Bringing a puppy or dog into the home is not for everyone. 
Puppies and dogs are social beings, they need to be part of the family. Sometimes I see people walking dogs and it is clearly a chore for them. Some take their dog out for a functional walk only - as soon as the dog is done his business - back inside they go.
Different breeds have different exercise and grooming requirements. If you are not prepared to teach your long haired dog to accept handling so he can be groomed regularly - don't get a breed which requires it. 
If you are not an active family - don't get a high energy breed such as an Australian Shepherd or Jack Russell Terrier. 
If you don’t want to hear the beautiful baying of a Beagle or will get annoyed when he has his nose to the ground all the time – don’t get one. 
Know your breed and understand their requirements and what they were bred for.
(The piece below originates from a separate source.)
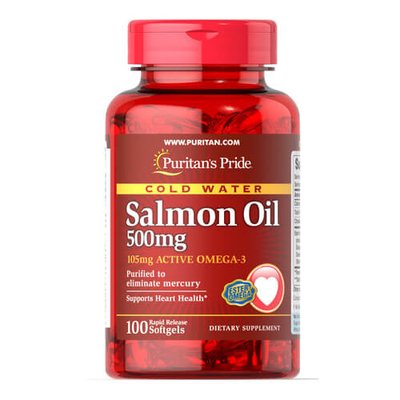 Puritan's Pride Omega-3 Salmon Oil 500 mg 100 капс 12101 фото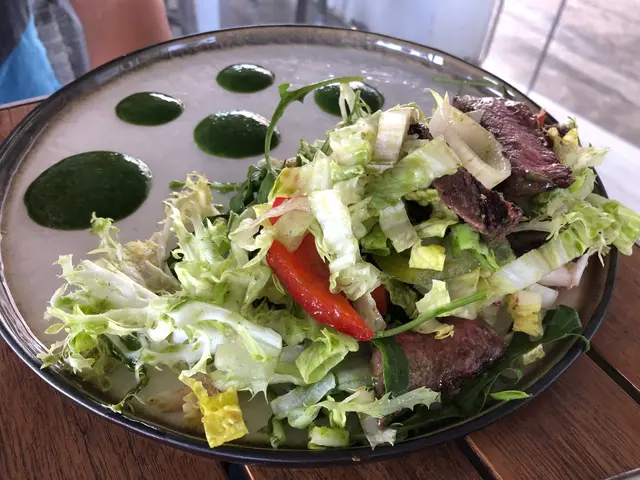 Wagyu  beef  salad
Make sure you are willing to provide an outlet for their specific needs.  A digging pit for the Terrier or scent games for the Beagle.
Don’t get mad at your young Border Collie for nipping at your children’s heels as they run and he tries to gather them together. Provide a legitimate outlet.

Don't get a dog because your children or spouse has always wanted one.
Choose the right dog because it's a family decision to welcome a new member into a loving household. Be prepared to nurture, guide and cherish the many experiences you will have for years to come.